Supplied records –

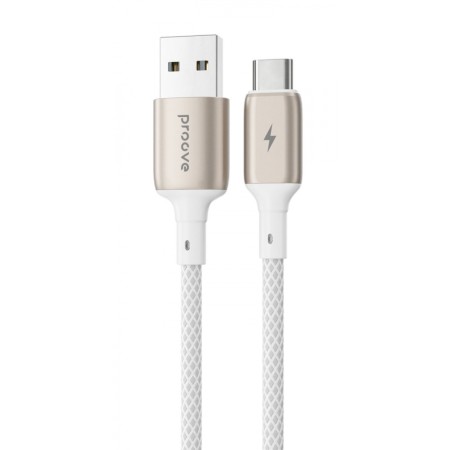 Кабель Proove Dense Metal USB to Type-C 2.4A (1m) (White)  у Чернівцях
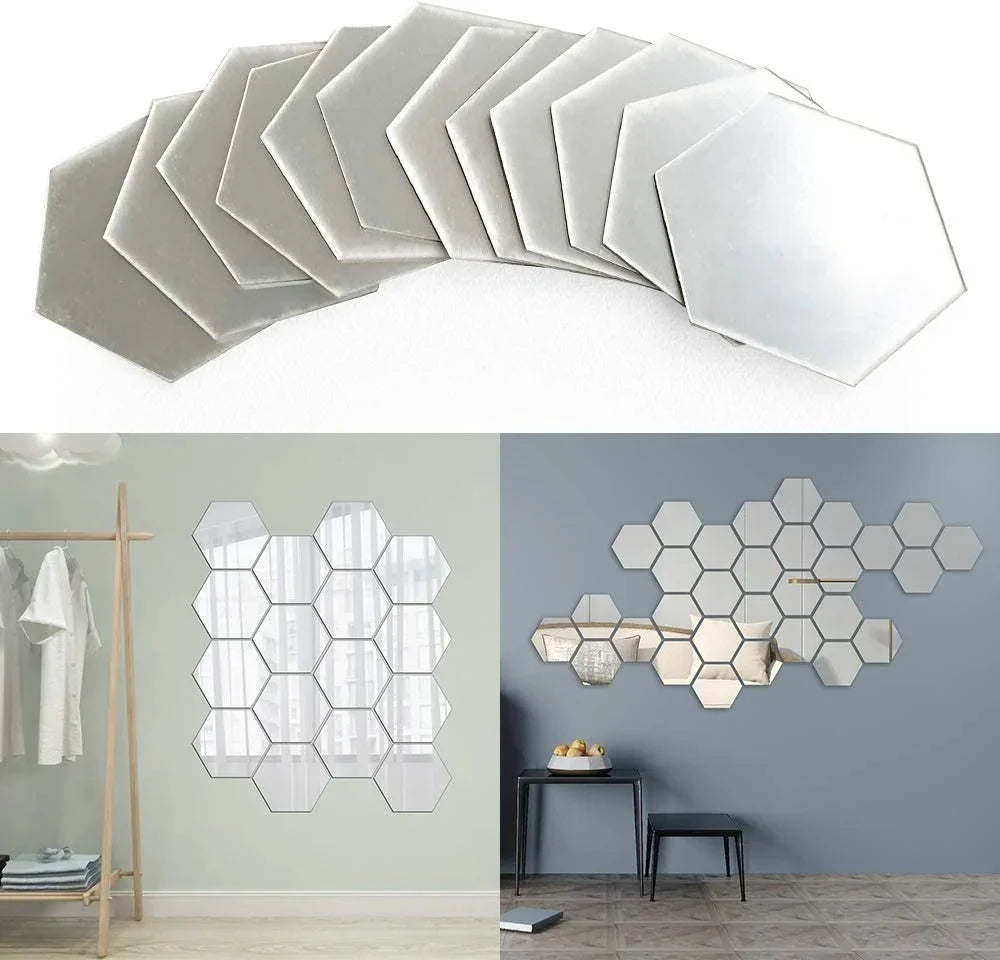 Set 20 Oglinzi Acrilice Autoadezive Decorative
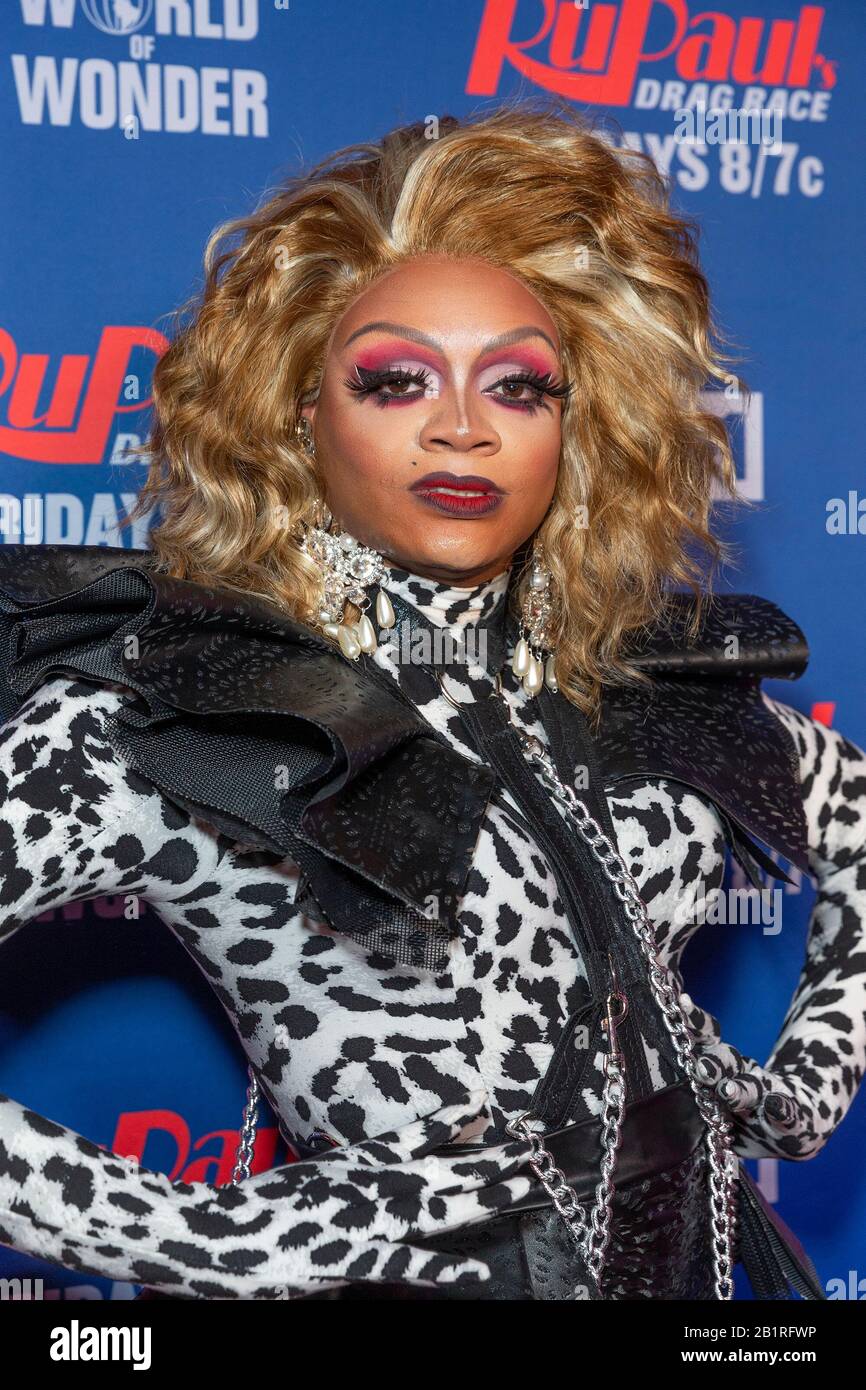 New York, United States. 26th Feb, 2020. Drag Queen Heidi N. Closet attends  RuPaul's Drag Race Season 12 Premiere Event at ViacomCBS - TRL Studios  (Photo by Lev Radin/Pacific Press) Credit: Pacific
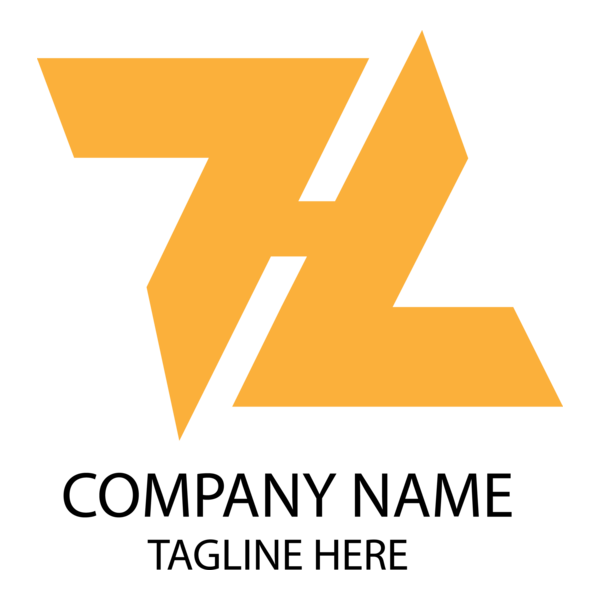 Yellow Z Letter Logo PNG Vector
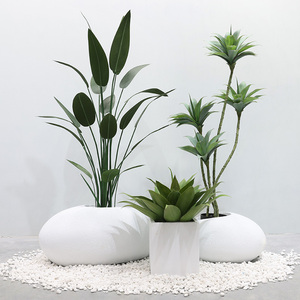 北欧仿真假绿植植物景观造景仿真树装饰室内楼梯下拐角造景组合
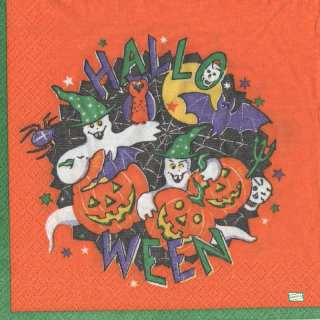 1 serviette papier Halloween - 20
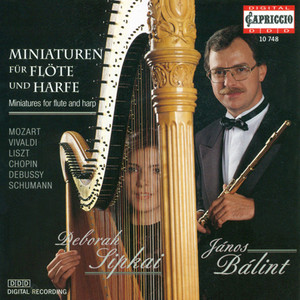 Flute and Harp Arrangements - Tartini, G. / Bach, J.S. / Mozart, W.A. / Tchaikovsky, P.I. / Liszt, F. / Grieg, E. / Chopin, F. (Balint, Sipkai)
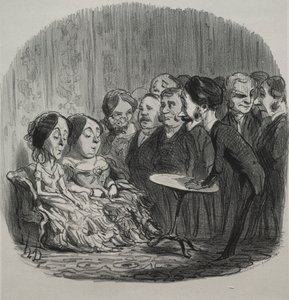 Rapujące duchy, 1851. autorstwa Honoré Daumier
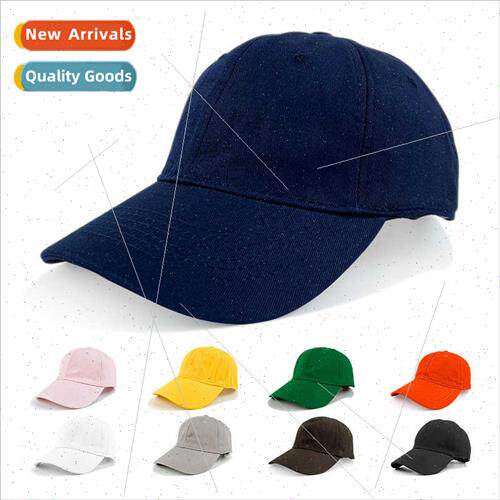 New cotton baseball cap Korean  light plate solid color duck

Task objective – Pictures stay out; everything else in the entries is copied exactly.

Final answer –
 Кабель Proove Dense Metal USB to Type-C 2.4A (1m) (White)  у Чернівцях
 Set 20 Oglinzi Acrilice Autoadezive Decorative
 New York, United States. 26th Feb, 2020. Drag Queen Heidi N. Closet attends  RuPaul's Drag Race Season 12 Premiere Event at ViacomCBS - TRL Studios  (Photo by Lev Radin/Pacific Press) Credit: Pacific
 Yellow Z Letter Logo PNG Vector
 北欧仿真假绿植植物景观造景仿真树装饰室内楼梯下拐角造景组合
 1 serviette papier Halloween - 20
 Flute and Harp Arrangements - Tartini, G. / Bach, J.S. / Mozart, W.A. / Tchaikovsky, P.I. / Liszt, F. / Grieg, E. / Chopin, F. (Balint, Sipkai)
 Rapujące duchy, 1851. autorstwa Honoré Daumier
 New cotton baseball cap Korean  light plate solid color duck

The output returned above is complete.